Here we want to explore the basic question: What is metadata? And why is it important?

Wikipedia defines metadata as “structured information that describes, explains, locates, or otherwise makes it easier to retrieve, use or manage an information resource.” Those who have been in IT for more than a few years know that the concept of metadata is not new: it’s a term that emerged in the late 1960’s. It has been used since the advent of the Dewey Decimal System in libraries for classifying and categorizing materials based on title, author and subject so that they can more easily be located on shelves from among many thousands of others.

Libraries provide an early example of metadata applied in the physical form, but in our increasingly digital world, the primary purpose of metadata management remains the same: to more quickly navigate across data repositories in order to efficiently find, manage and track information.

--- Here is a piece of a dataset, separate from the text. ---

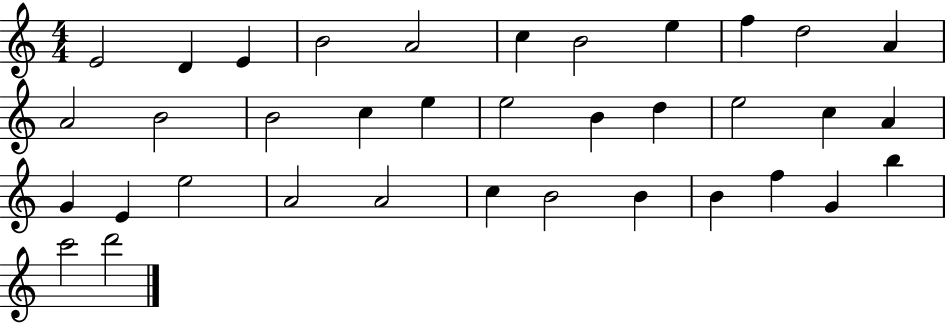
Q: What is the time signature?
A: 4/4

This, in fact, continues to be the essence of what makes metadata management so critical to today’s most widely used applications, for both small-to-midsize businesses (SMBs) and enterprises alike.

Also important is the value that metadata offers for creating associations and relationships between items and users across one or more repositories or related applications, such an ERP or CRM system, as well as its benefits for instituting consistency in the way information is used, stored and shared. Metadata also provides clarity about data origins and data histories, and ensures workflows and business processes are properly followed and administered.

In other words, metadata organizes and tracks the entire digital lifecycle of important business information, including the processes, procedures and users that affect it, providing a precise audit trail that can prove invaluable — or mandatory, in highly-regulated industries — to your business at any point in time. Protecting and organizing this audit trail is yet another reason why metadata should be a cornerstone of your ECM strategy.

The value of metadata lies in its ability to more efficiently classify and organize information, as well as to yield deeper insight into the actions taking place across your business, providing more intelligence and higher quality information to fuel big data initiatives, automation, compliance, data sharing, collaboration and more. Yet, many ECM applications use metadata as an additional information layer and rely on traditional folder structures to organize information. Consequently, users consider metadata administration as extra work, which often leads to bad metadata quality. On the other hand, effective metadata-based ECM systems only ask users to describe the document or data object with tags and properties when saving it. This enables users to search the information in a manner that is most logical to them (i.e., project name, date, contract type, customer, etc.).